I’m loving settling into this year, our first one as empty-nesters, and prioritising quiet, simplicity, and depth. I’m working on my first murder mystery novel, A Body at the Fair, and I’m adapting two of my books for the screen. I’m teaching writing and nurture, both online and in person at conferences and through libraries, and Jason and I are creating a new routine and existence that’s just for us as a married couple and not for us as a family of four.

This year feels like a completely fresh start already, and we’re only a month into it. How about you? What words are you hoping to live into this year?

Trying and Failing

I released Post Civ into the world this month. I’m incredibly proud of this novel, as it’s the book of my heart, the one I longed to write but would’ve been too afraid to attempt before this point in my life.

It’s the second book I indie-published under my new company imprint Ruby Finch Books. I took everything I learned from publishing my YA novel, Jamesy Harper’s Big Break, and applied it to Post Civ, which made the whole process seem easier and smoother the second time around.

Except for the launch events. With Jamesy Harper, I created a discussion around identity and the big dreams many of us have for our lives when we are young, as these themes are in the novel. I had a presentation ready, and I felt both nervous and excited to try it at libraries and schools.

But no one came. My writing and wellness classes at libraries were well attended, but I had no one show up for any of the discussion events for the book. I wasn’t exactly sure why these hour-long discussions didn’t draw any readers, but after the launch events last fall I put it out of my mind and started to focus on the long process of publishing Post Civ.

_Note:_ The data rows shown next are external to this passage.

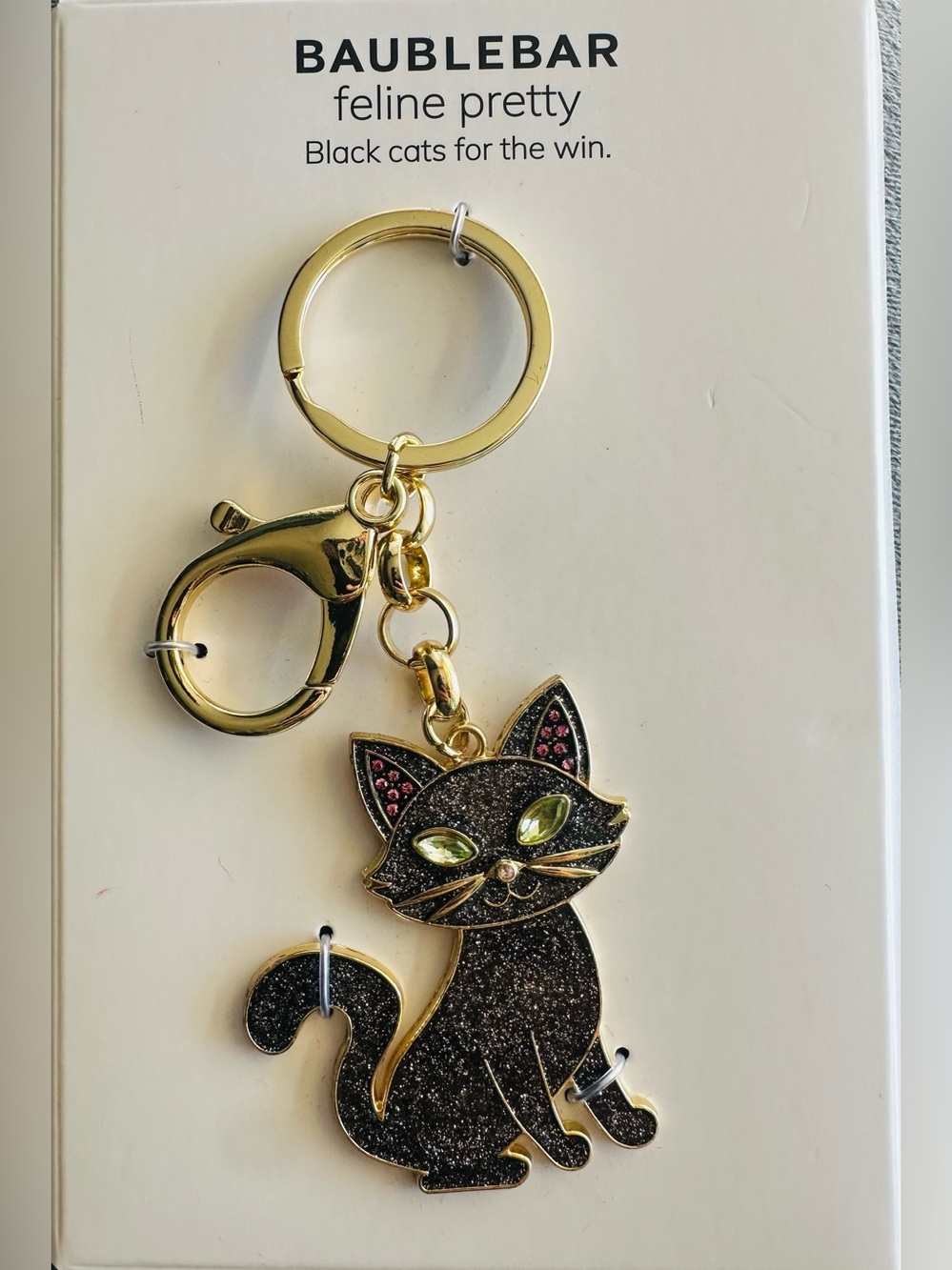 BaubleBar Black Cat Keychain with Gold Hardware and Green Eyes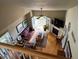 View of living room featuring fireplace, outdoor access, ceiling fan, and abundant natural light at 6701 W Yale Ave, Lakewood, CO 80227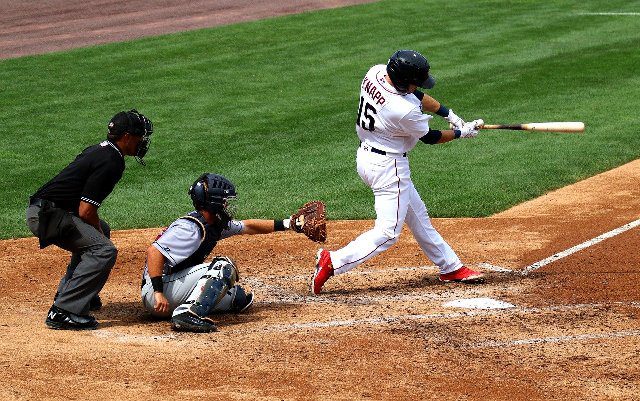 A baseball player hitting the ball on the field.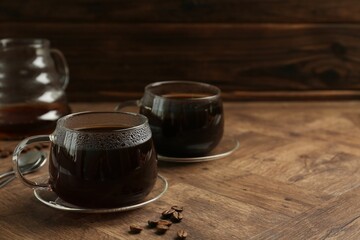 Hot coffee in glass cups and beans on wooden table, closeup. Space for text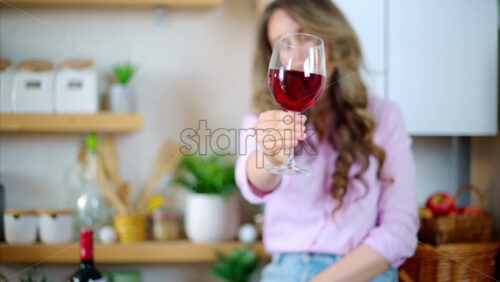 Video - Woman enjoying a glass of red wine in the kitchen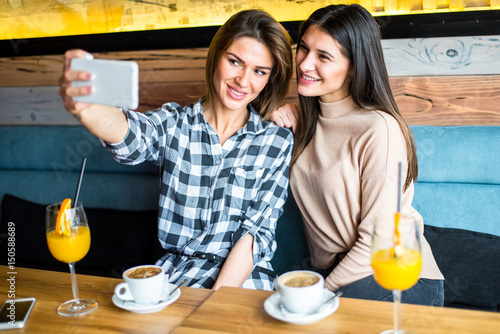 Two pretty young women sitting by the table and taking selfie in cafe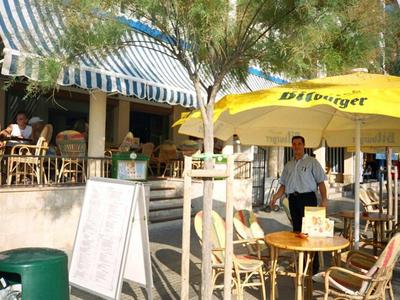 Zona exterior de una cafetería con mesas, sillas y sombrillas en un día soleado
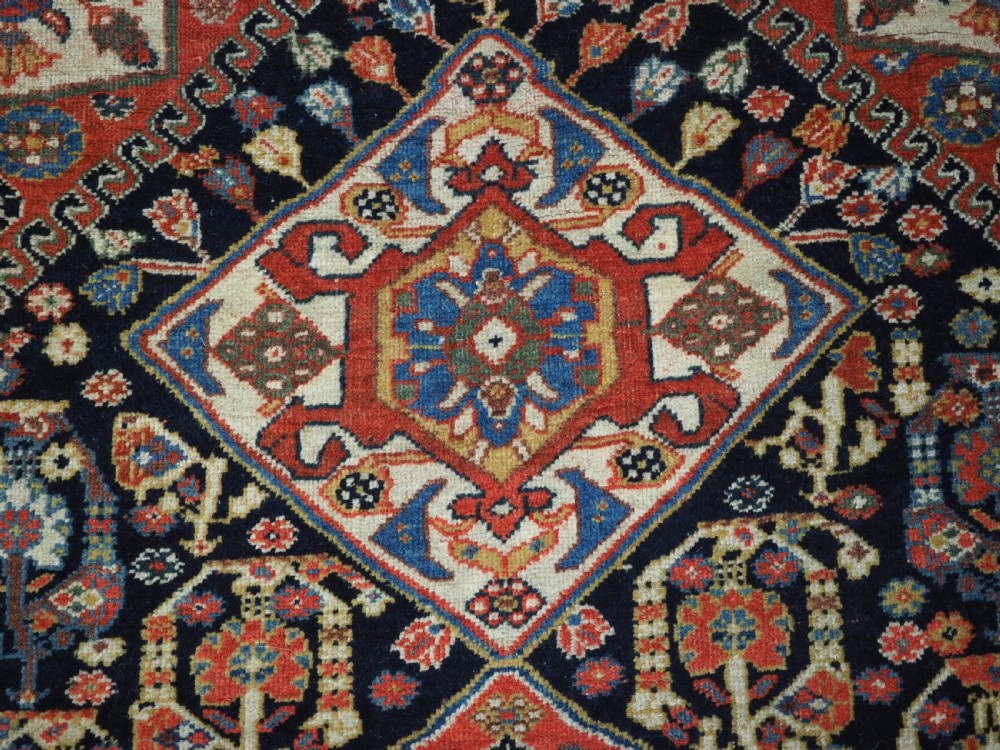 A hand-knotted wool rug featuring three diamond medallions on a dark navy field surrounded by geometric floral borders in red, ivory, and blue. View X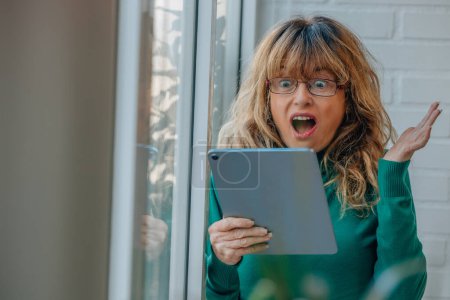 Photo for Middle aged woman with digital tablet looking surprised - Royalty Free Image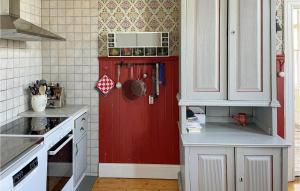 a kitchen with a red door in the corner at Gorgeous Home In Lindesberg in Lindesberg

When I began planning for Post Civ’s launch, I remembered that no one came to the Jamesy discussions. I even looked back at my end of the year review that I did for Ruby Finch Books, where I wrote, “I tried to build a discussion event for Jamesy Harper, to appeal to readers who might not be interested in attending my writing classes, but it didn’t seem to work for some reason.”

My intuition was telling me that I should focus on what was working well and choose not to pursue more reader events. But I ignored this for Post Civ, thinking that the themes of climate and equity in this adult novel might draw more people who would be interested in discussing these topics together.

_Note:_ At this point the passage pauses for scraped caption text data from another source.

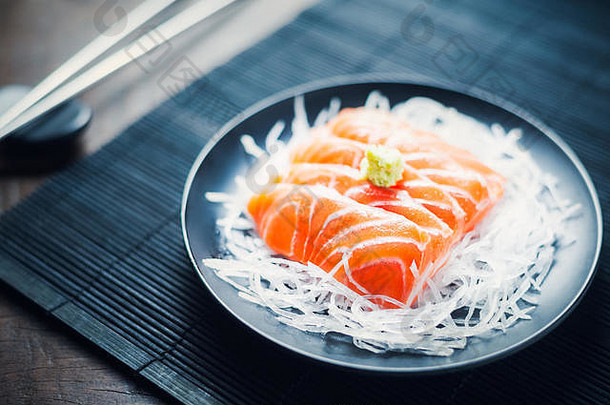 木桌上放着新鲜生鲑鱼刺身和日式<strong>萝卜丝</strong>。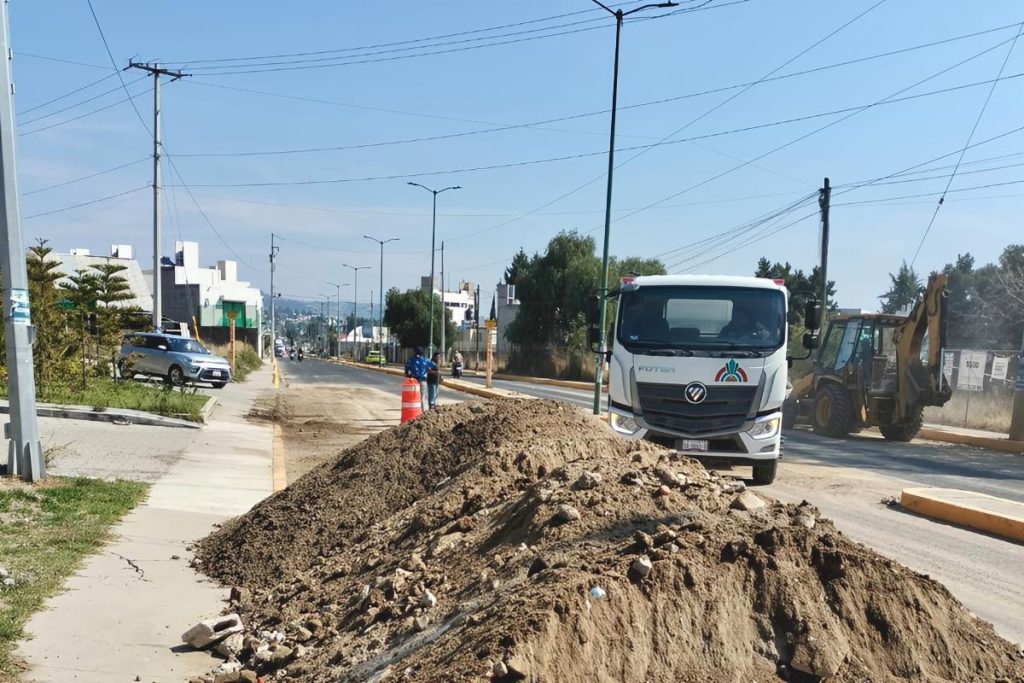Un camión y maquinaria de construcción trabajan en una calle de Tlaxcala, México, con una pila de tierra y señalización vial, en medio de un proyecto de mejora urbana en un día soleado.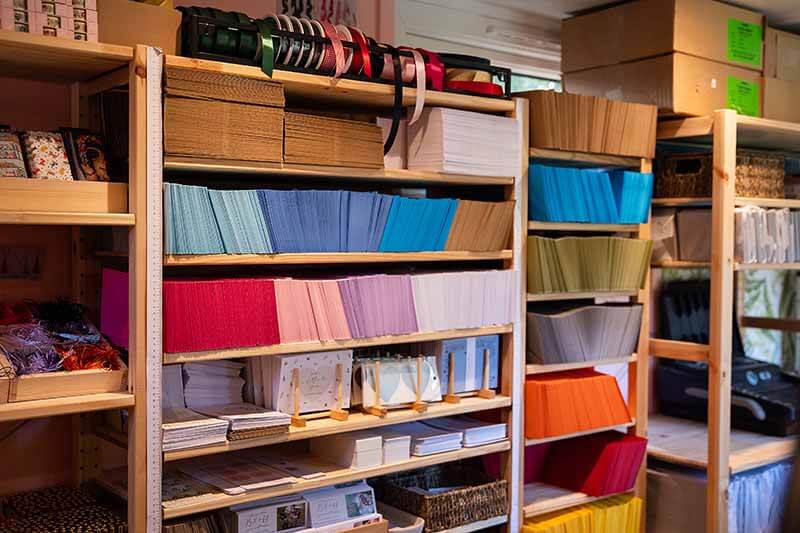 Image of shelves filled with colorful stationery supplies in a UK Stationery Business.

So I created a no-tech discussion, to mimic the way the characters in the post-apocalyptic book sit around the campfire and talk together. I told libraries about the discussion and booked a few of them.

You might be able to guess where this is going. No one came (except my lovely friend and editor which was kind of her, and we had a catch-up visit during the hour allotted for the Post Civ discussion).

I wasn’t particularly bothered by how these discussions failed. Most authors, at one point or another in their career, struggle to draw a crowd. I’ve never been interested in book readings or signings, which is why I thought I’d try something more inclusive, where the themes in the book are only a springboard for discussion about key issues that might interest a lot of people.

I try not to take this personally. In life, we try a lot of different things, and many of those things will fail. What bothers me is that I didn’t listen to my own intuition. But I’m working on speaking more gently to myself, as part of offering nurture and care to me instead of just to other people. The key is to hold loosely and not to expect too much, of myself or of others.

I have a few more of these events scheduled in November. Maybe they will work, and maybe they won’t. I figure I’ll show up, and whatever happens was meant to happen. I’ll listen closer to my intuition when I’m planning for future books and releases and events. Things will continue to change. And trying and failing is all part of succeeding.